-- Data extract follows --

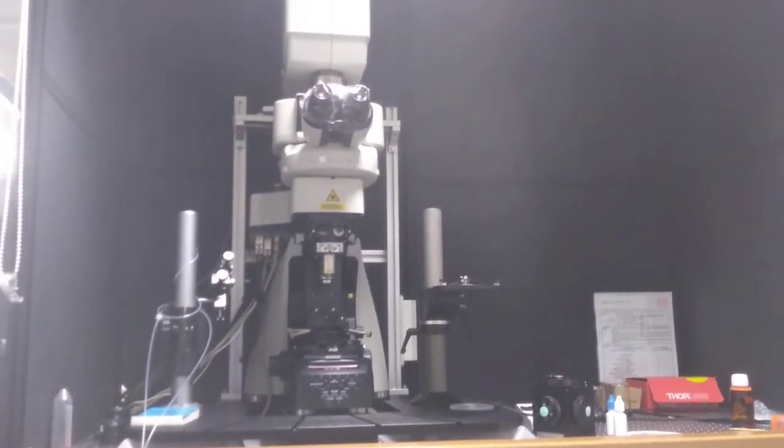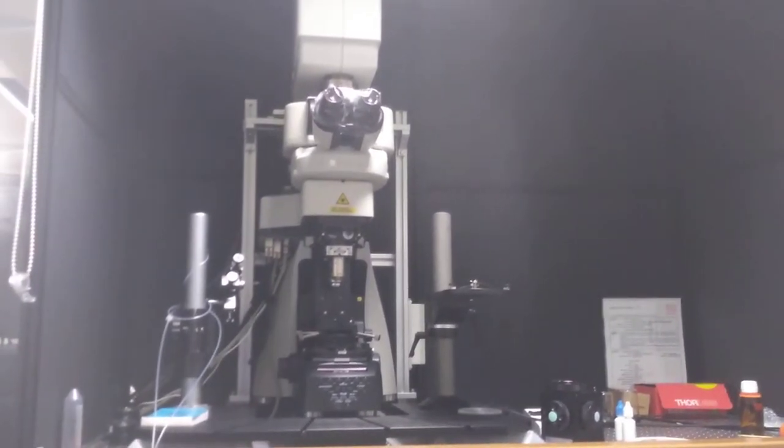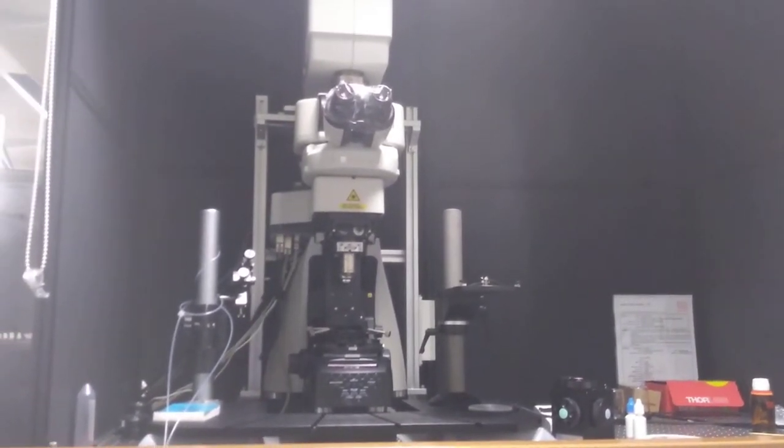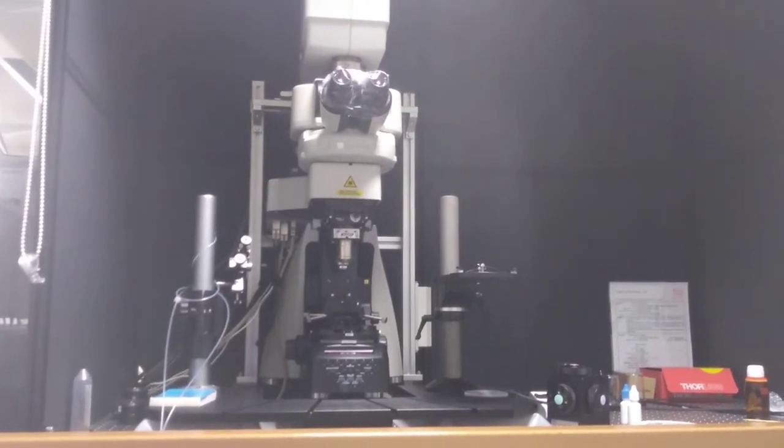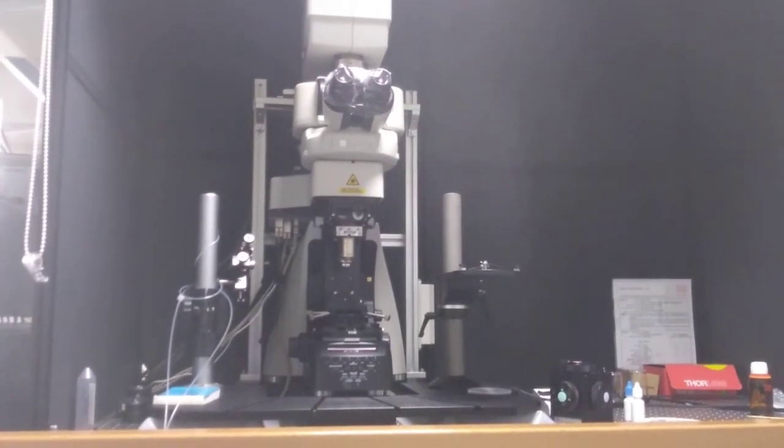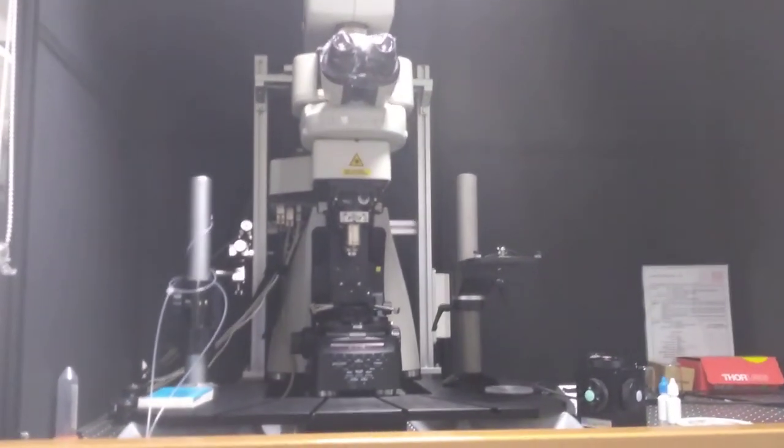Hello, this is a short instructional video on how to turn on the upright confocal or multi-photon microscope at the wall cellular imaging centre.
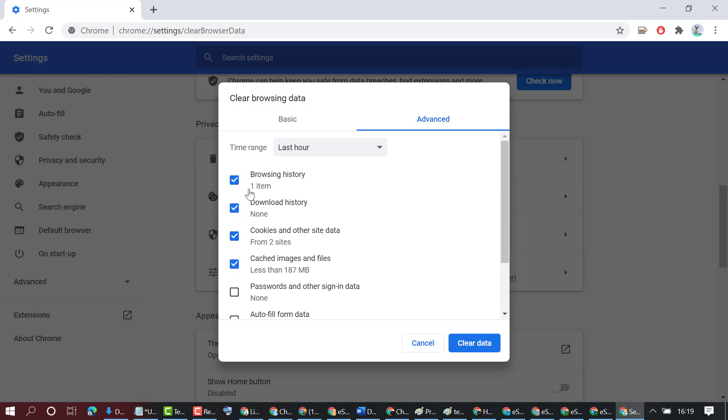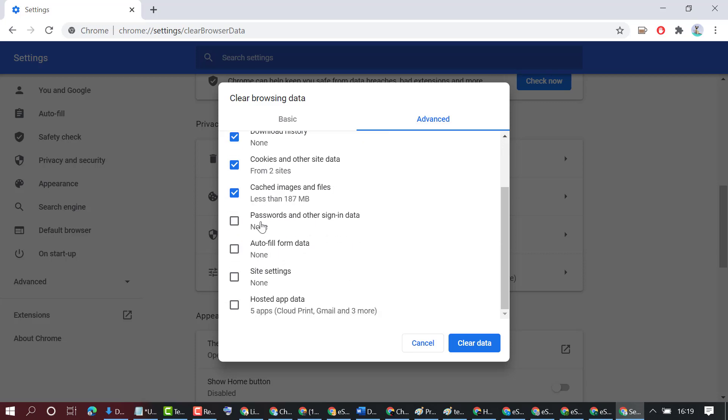Options include browsing history, download history, cookies and other site data, cached images and files. There are additional options like passwords and other sign-in data, autofill form data, and site settings.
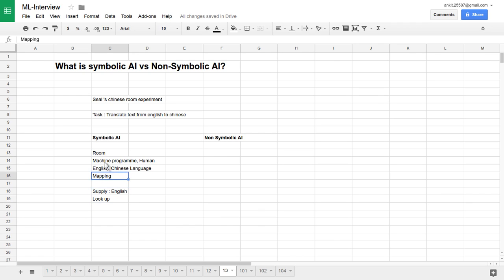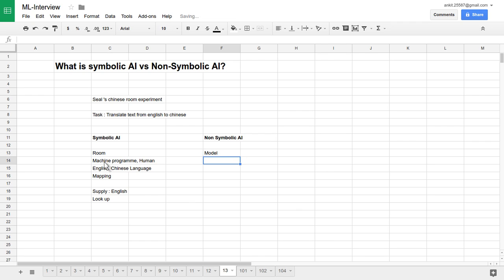Now let's say we want to solve this problem with non-symbolic AI. We are not trying to represent any particular English-to-Chinese word mapping. We have another machine program which behaves like a non-symbolic AI, or a human inside the room. In non-symbolic AI, we have all the English text as input data and Chinese text as training data, and we are trying to model this mapping. When we supply a new English statement, the system does not need to search or scan through every single word or statement — it just straight away translates it.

-- Data extract concluded --

Prompt:
Your task is to set down each line above verbatim while excluding the pictures.

Written response:
Hello, this is a short instructional video on how to turn on the upright confocal or multi-photon microscope at the wall cellular imaging centre.
Options include browsing history, download history, cookies and other site data, cached images and files. There are additional options like passwords and other sign-in data, autofill form data, and site settings.
Now let's say we want to solve this problem with non-symbolic AI. We are not trying to represent any particular English-to-Chinese word mapping. We have another machine program which behaves like a non-symbolic AI, or a human inside the room. In non-symbolic AI, we have all the English text as input data and Chinese text as training data, and we are trying to model this mapping. When we supply a new English statement, the system does not need to search or scan through every single word or statement — it just straight away translates it.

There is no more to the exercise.